MIOpen provides a set of Find modes which are used to accelerate the Find calls. The different modes are set by using the environment variable MIOPEN_FIND_MODE, and setting it to one of the values:

NORMAL, or 1: Normal Find: This is the full Find mode call, which will benchmark all the solvers and return a list.
FAST, or 2: Fast Find: Checks the Find-Db for an entry. If there is a Find-Db hit, use that entry. If there is a miss, utilize the Immediate mode fallback. If Start-up times are expected to be faster, but worse GPU performance.
HYBRID, or 3, or unset MIOPEN_FIND_MODE: Hybrid Find: Checks the Find-Db for an entry. If there is a Find-Db hit, use that entry.
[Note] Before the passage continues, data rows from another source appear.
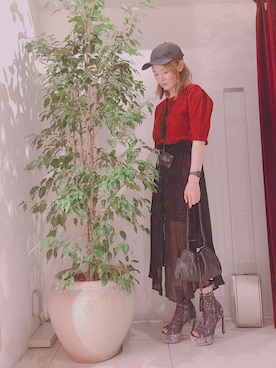 「FentyPumaByRihanna」｜Kana Manabeさん（レディース・162cm）の夏コーディネート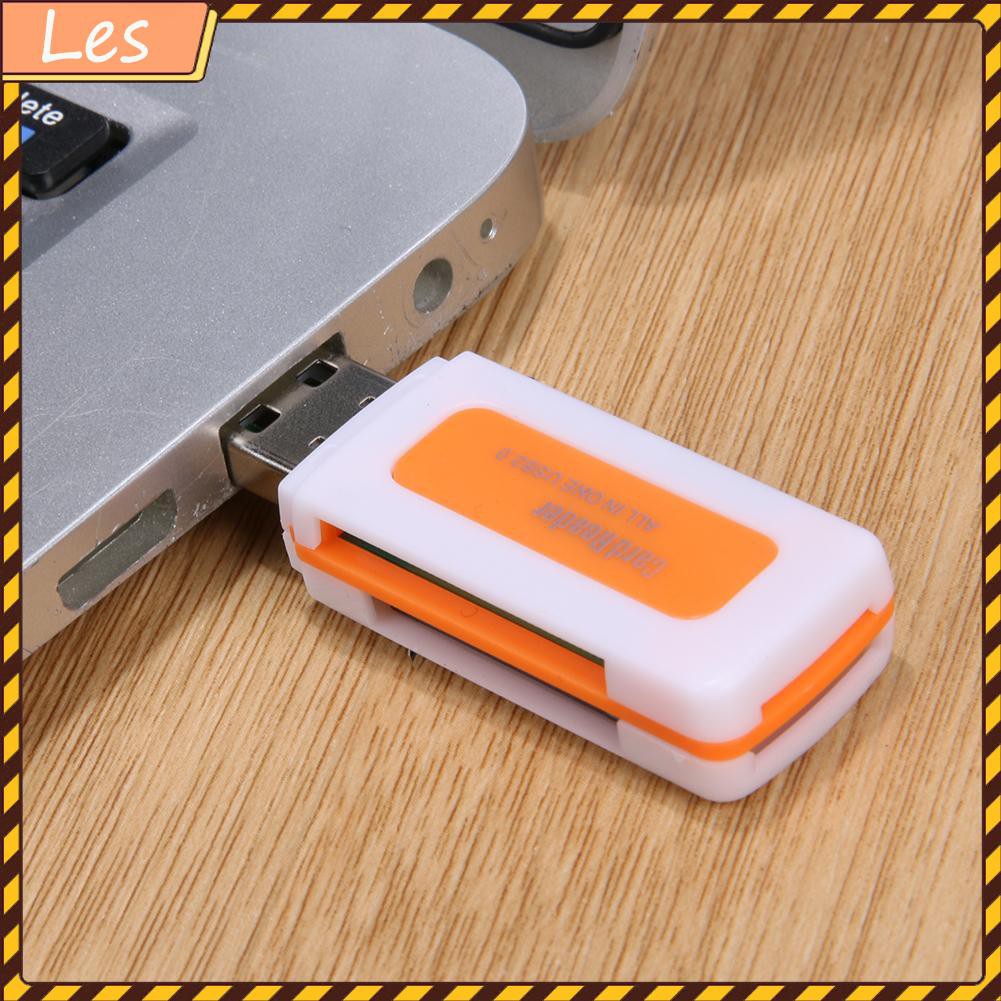 Đầu Đọc Thẻ Nhớ Sd / Mmc Tf Ms M2 Với 4 Khe Cắm Usb 2.0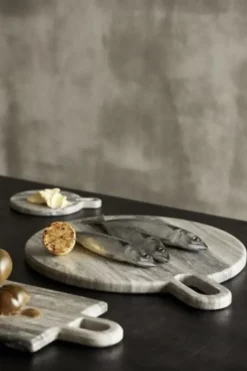 Pasilla snijplank rond bruin - 2369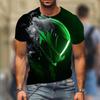 Camiseta de Verano para Hombre3DImpresión de Letras de Calavera Moda Manga Corta Ropa de Hombre Cuello O Ocio Poliéster Camiseta Ropa de Calle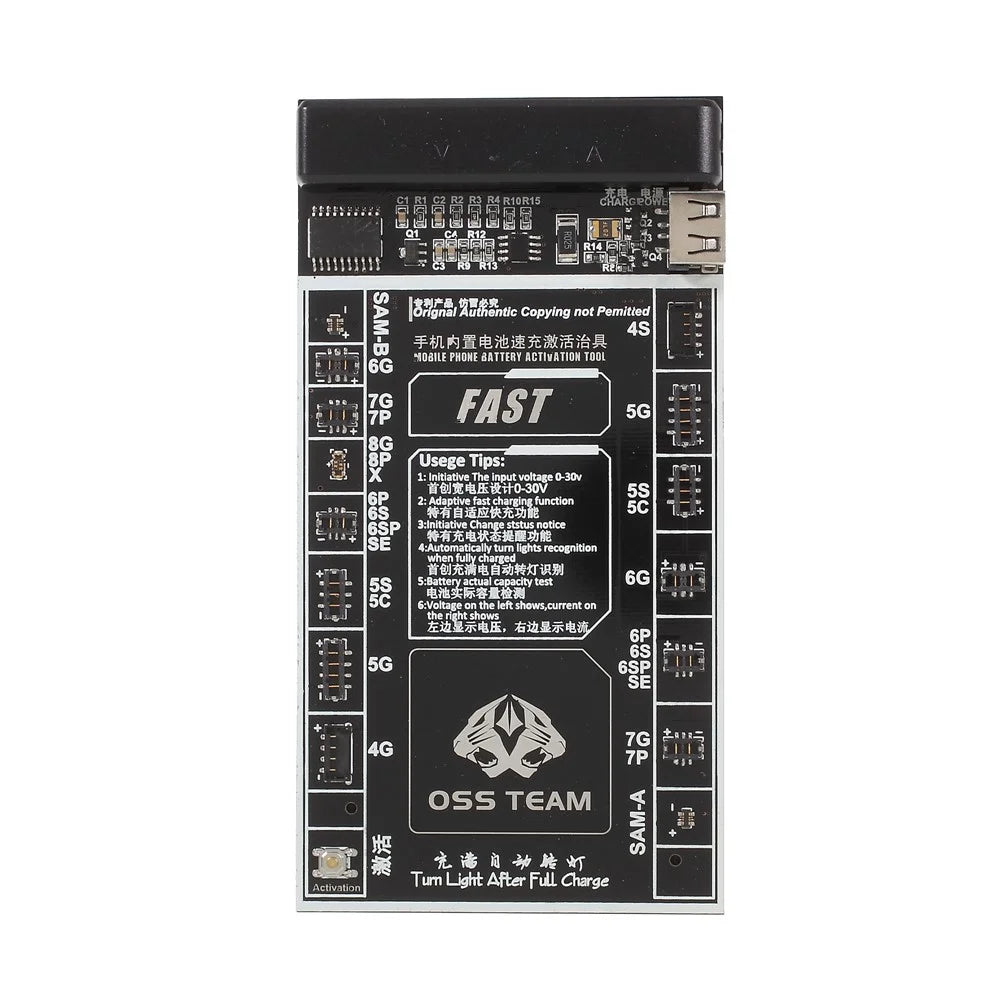 W218 Smart Phone Battery Fast Charging and Activated 2-in-1 Tool - 2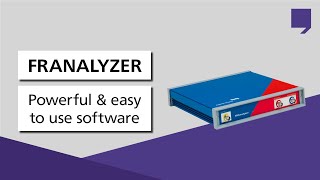 FRAnalyzer Powerful amp easy to use software [upl. by Corsiglia35]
If there is a miss, use the existing Find machinery. Slower start-up times than Fast Find, but no GPU performance drop.
FAST_HYBRID, or 4: Fast Hybrid Find: Checks the Find-Db for an entry. If there is a Find-Db hit, uses that entry. If there is a miss, uses the existing Find machinery with skipping slow-compiling kernels. Faster start-up times than Hybrid Find, but GPU performance is a bit worse.
DYNAMIC_HYBRID, or 5: Dynamic Hybrid Find: This mode is similar to Fast Hybrid, but in case of Find-db miss, skips all non-dynamic kernels, thus saving compilation time. Versus FAST_HYBRID, we expect similar start-up times but better GPU performance. Use with caution, this mode is experimental for now.

As of MIOpen 2.7, the default mode is set to HYBRID mode as default. To run the full NORMAL Find mode, set the environment as:

export MIOPEN_FIND_MODE=NORMAL

Or,

 export MIOPEN_FIND_MODE=1